● Short descriptive text snippets:
-------------------------

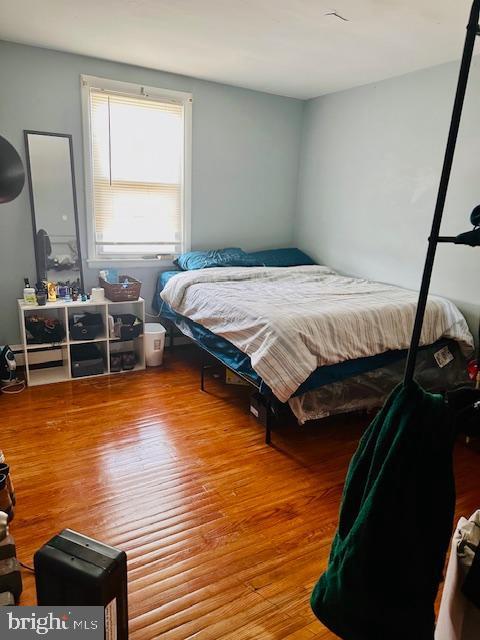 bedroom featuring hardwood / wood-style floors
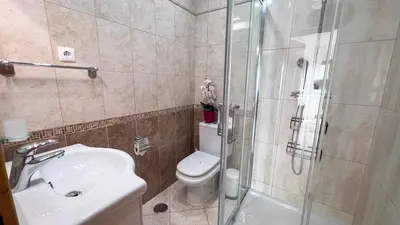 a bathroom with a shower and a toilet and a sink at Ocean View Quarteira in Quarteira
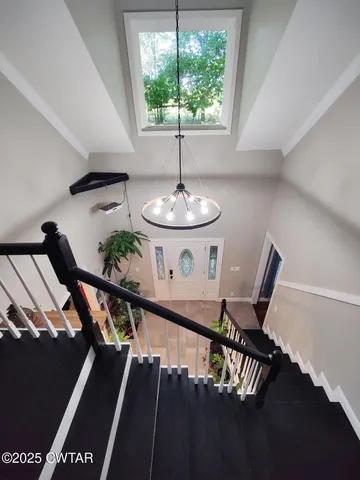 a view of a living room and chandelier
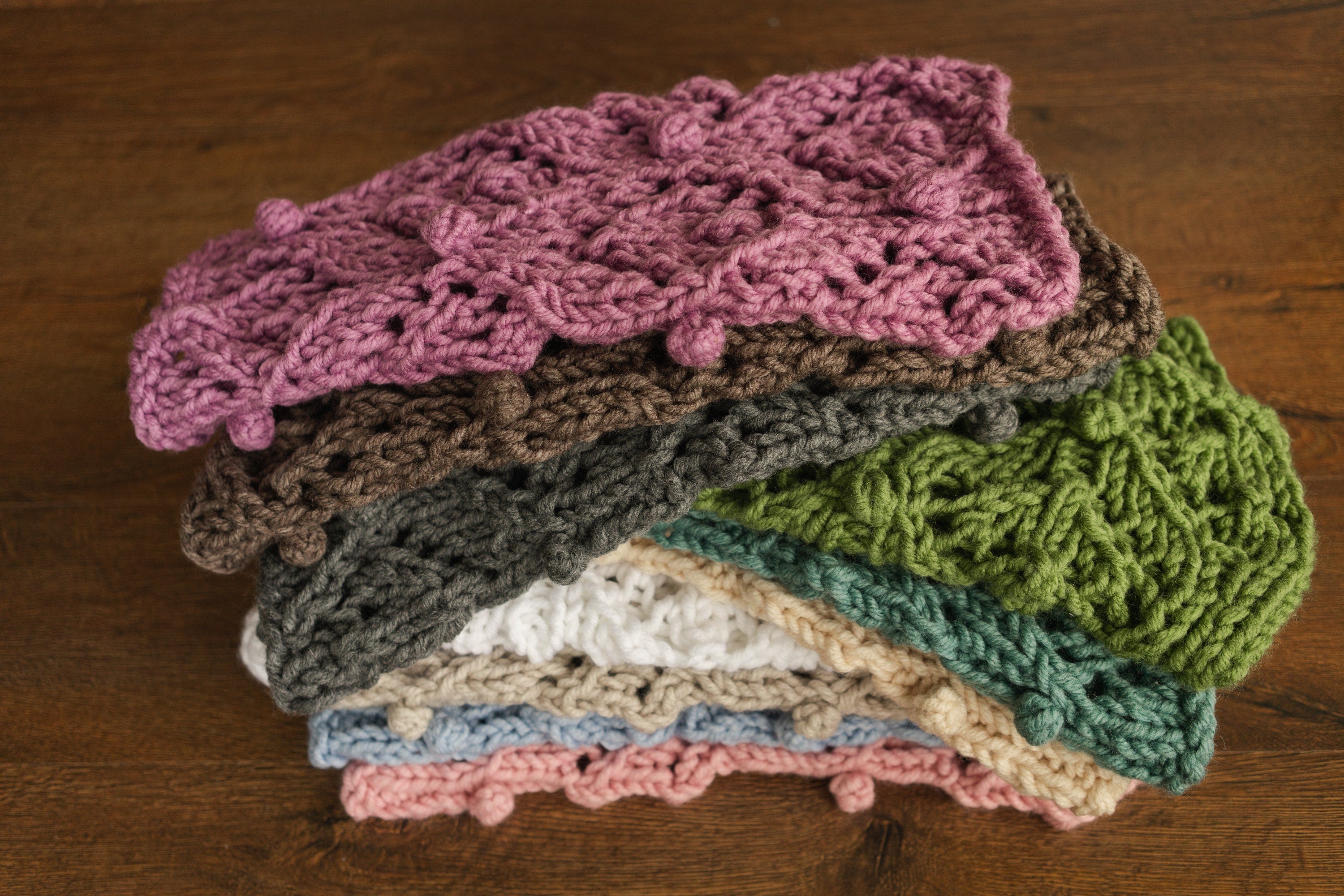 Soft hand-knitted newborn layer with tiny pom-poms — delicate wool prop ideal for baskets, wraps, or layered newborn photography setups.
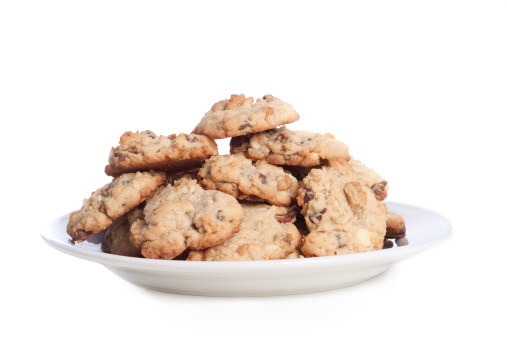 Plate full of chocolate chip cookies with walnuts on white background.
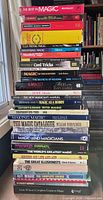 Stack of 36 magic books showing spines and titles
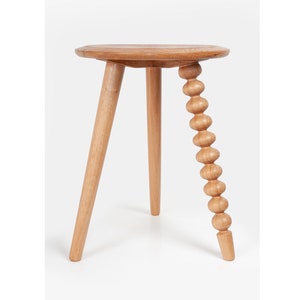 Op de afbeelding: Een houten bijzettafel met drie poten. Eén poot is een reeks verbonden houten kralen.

-------------------------

● Your instructions:
Repeat exactly and only the lines from the one holding "Soft hand-knitted newborn" through the final line of the entries; no pictures.

● Solution to this problem:
 Soft hand-knitted newborn layer with tiny pom-poms — delicate wool prop ideal for baskets, wraps, or layered newborn photography setups.
 Plate full of chocolate chip cookies with walnuts on white background.
 Stack of 36 magic books showing spines and titles
 Op de afbeelding: Een houten bijzettafel met drie poten. Eén poot is een reeks verbonden houten kralen.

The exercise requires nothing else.